31日、スペインのヘレス・サーキットで行われたF1合同テスト4日目は、ウイリアムズのフェリペ・マッサが総合トップタイムをマークした。

 4日間にわたってルノーのパワーユニットにトラブルが相次ぎ、王者レッドブルがまともに走れない異常な事態となった2014年の初テスト。最終日の31日もトラブルの連鎖に頭を抱えるチャンピオンを尻目に、ライバルチームがこれまで以上の周回数でアドバンテージを築く展開となった。

 トップタイムを奪ったのはウイリアムズのマッサ。システムと信頼性のチェック、さらに新しいパーツを投入するなどトラブルフリーの一日を過ごしたマッサは、トータル86周を走って1分28秒229というベストタイムをマークした。
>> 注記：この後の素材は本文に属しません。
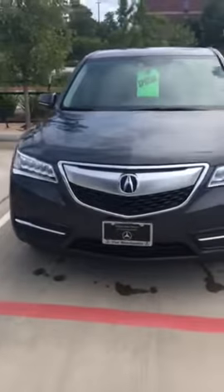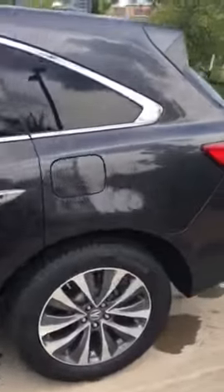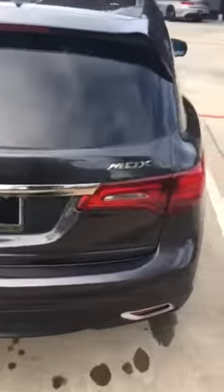Hey Chad, here's the Acura MDX. I'm just going to do a quick walk around so you can see it on video rather than pictures. It is in very good shape. I just washed it so it's a little wet.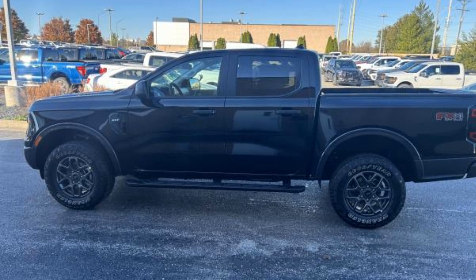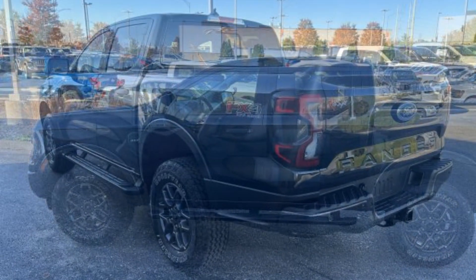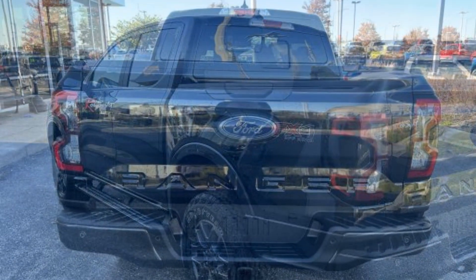2024 Ford Ranger. This pickup truck offers two full rows of seating for premium comfort. Its sensibility is matched by a spread of extra features, which include Lane Keeping Assist and Lane Departure Warning.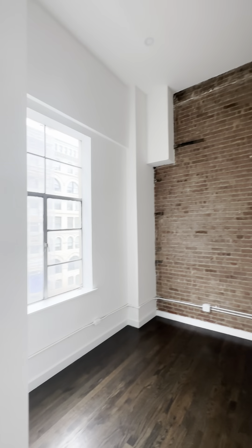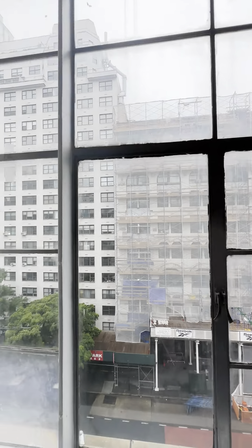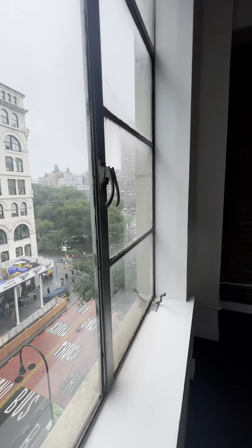Coming through the living area, we enter into the first bedroom. This bedroom I think would be best used as a home office because of the high ceilings and great natural light. It could fit a queen size bed comfortably with a nightstand if you wanted to use it as a bedroom. Coming through, we have a closet built out with shelves and hanging rods, and then a large window with views of Union Square Park.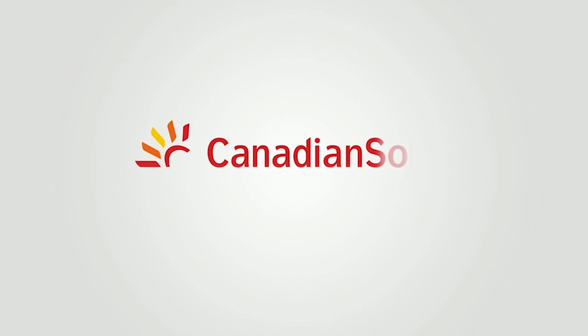Thank you, Christine, and thanks everyone for watching. Thanks for your attention, and stay tuned for future videos with more information about our solar products. Thank you.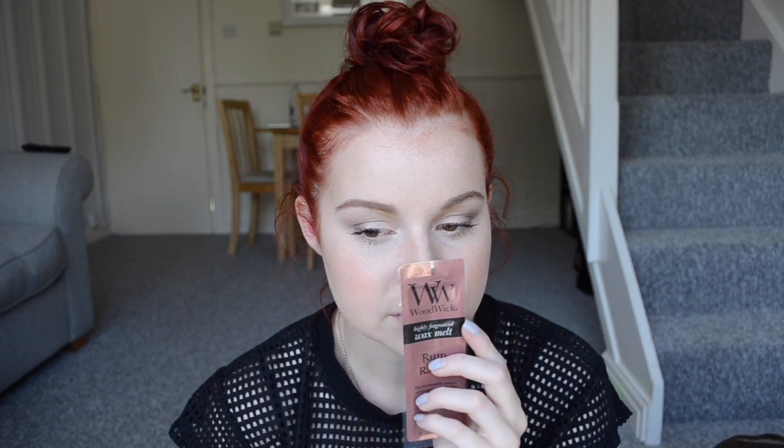Then we have Rum Raisin — I'm not sure on this one, we'll see. It says: 'The irresistible aroma of creamy toffee with subtle notes of maple, rum and raisins.' This one has been overpowering every other one though and I don't like it.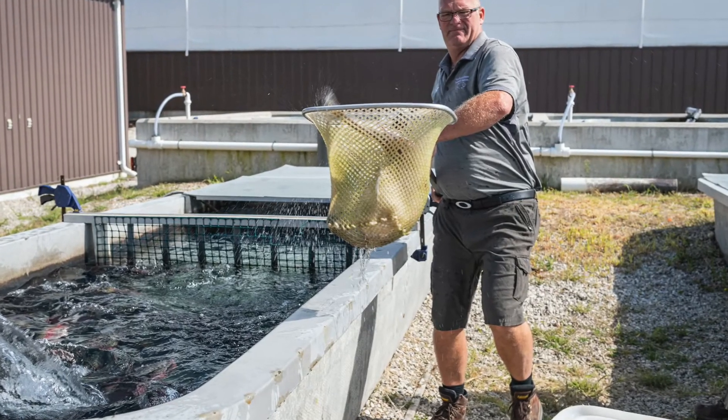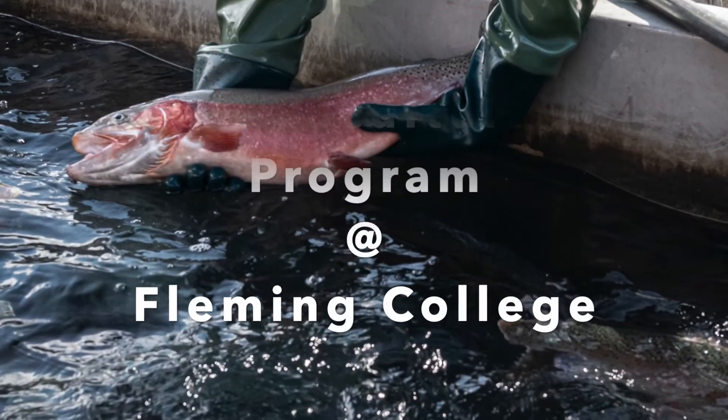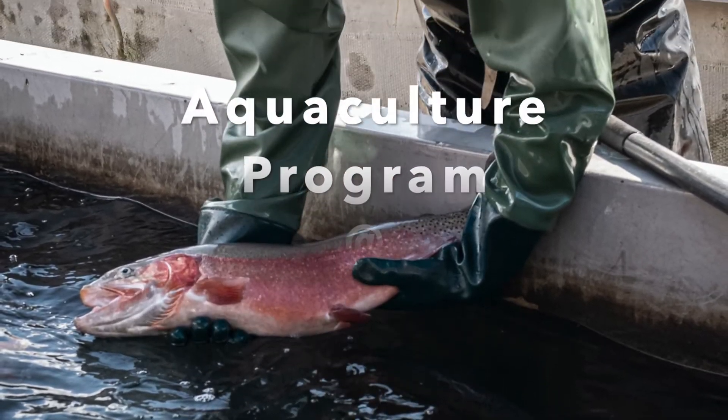On today's episode, we have Professor John Carter joining us to talk about the Aquaculture Program at Fleming College. I'm super excited to have John Carter with us today. He's going to be discussing his current role at Fleming College. So John, before we get started, maybe we can talk a little bit about yourself and what you guys are doing.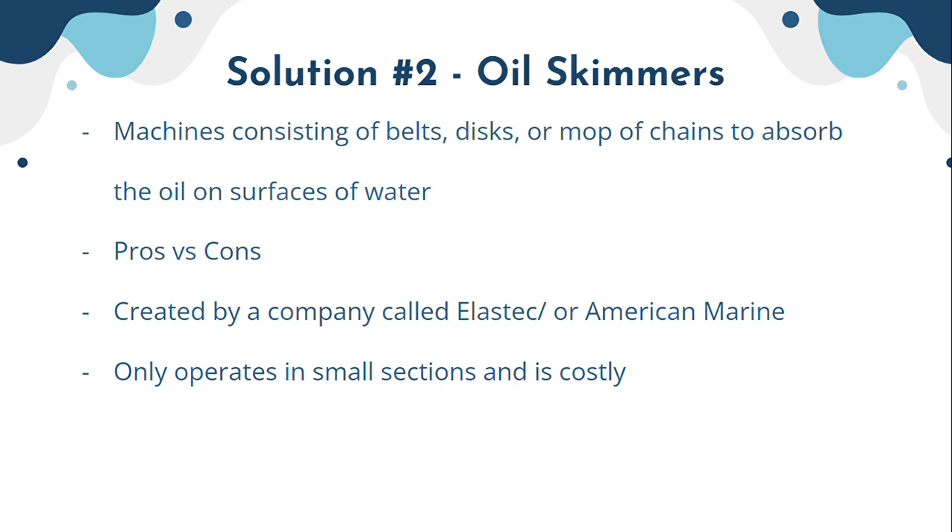The cons are that they are prone to getting stuck. When absorbing oils, these machines are often slowed down and stop working because the oil interferes with their functioning. They were created by a company called Elastec, also known as American Marine, and they are usually the ones implementing these skimmers in oil spill areas.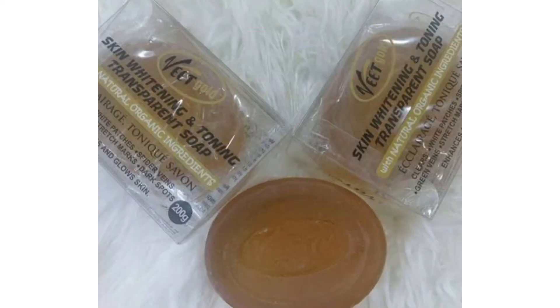The next on my list is the Wheat Gold Transparent soap. This one whitens the skin and removes dark spots, and it also makes the skin glow. If you have a green vein, spider vein, or red vein on your skin — especially on the back of your leg — this soap is for you. It will remove that green vein, red vein, or any type of vein you are having.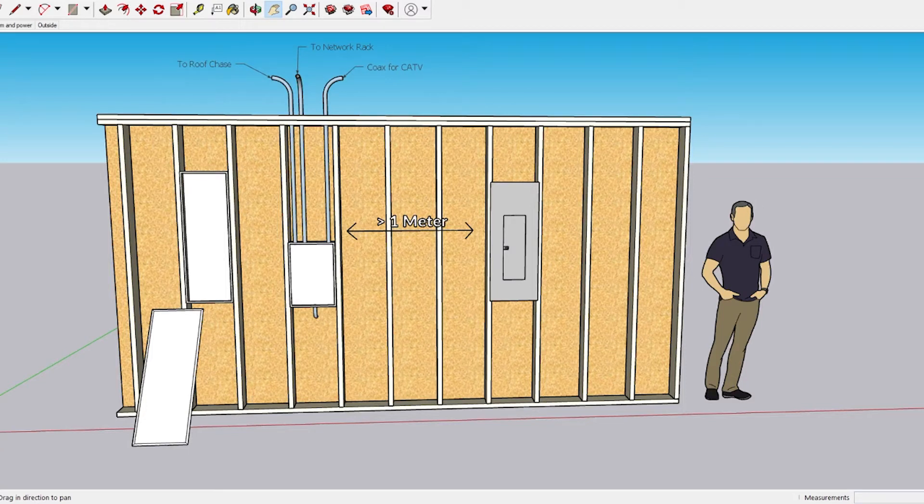For our first lesson on structured home wiring, let's start with the beginning of the network. Let's talk about a minimum point of entry, or MPOE for short — a legally significant conceptual location you'll need to understand and plan for if you want the best outcomes.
 2番手に入ったフェラーリのフェルナンド・アロンソはこの日最多の115周をカバーし、チームも4日間トータルで1116kmまでマイレージを伸ばした。フォース・インディアのリザーブドライバー、ダニエル・ジュンカデラが3番手。前日、印象的な走りを見せたマクラーレンのケビン・マグヌッセンは110周で4番手タイムをマークしたが、最後は10コーナーのバリアにクラッシュしてマシンを降りている。

 メルセデスは5番手につけたルイス・ハミルトンと、午前中にレースシミュレーションを行ったニコ・ロズベルグのふたりで132周を消化。ハミルトンは、午後のセッションでウイリアムズのマッサやフェラーリのアロンソらとロングランに取り組んだが、3度の赤旗でプログラムの中断を余儀なくされている。

 6番手はマルシャのジュール・ビアンキ、7番手にザウバーのエイドリアン・スーティルが続き、ロズベルグが8番手。

 ケータハムでの初テストに臨んだ小林可夢偉は、午後のセッションでルノーのパワーユニットにトラブルが発生し、チェッカーを待たずにテストを終了。それでも、午前中の45周を含むこの日の54周という周回数は、可夢偉とチームにひとまず安心を与えたことだろう。

 レッドブルのダニエル・リカルドはこの日もトラブルで7周ストップ。冷却に問題を抱えているRB10には、緊急措置的なダクトが設けられていたが、根本的な解決とはならず。先にミルトンキーンズに戻ったチーム首脳にさらなる追い打ちをかけることになった。

 ヘレステストはこれで終了。次回のテストは、2月19日から22日までバーレーンを舞台に行われることになっている。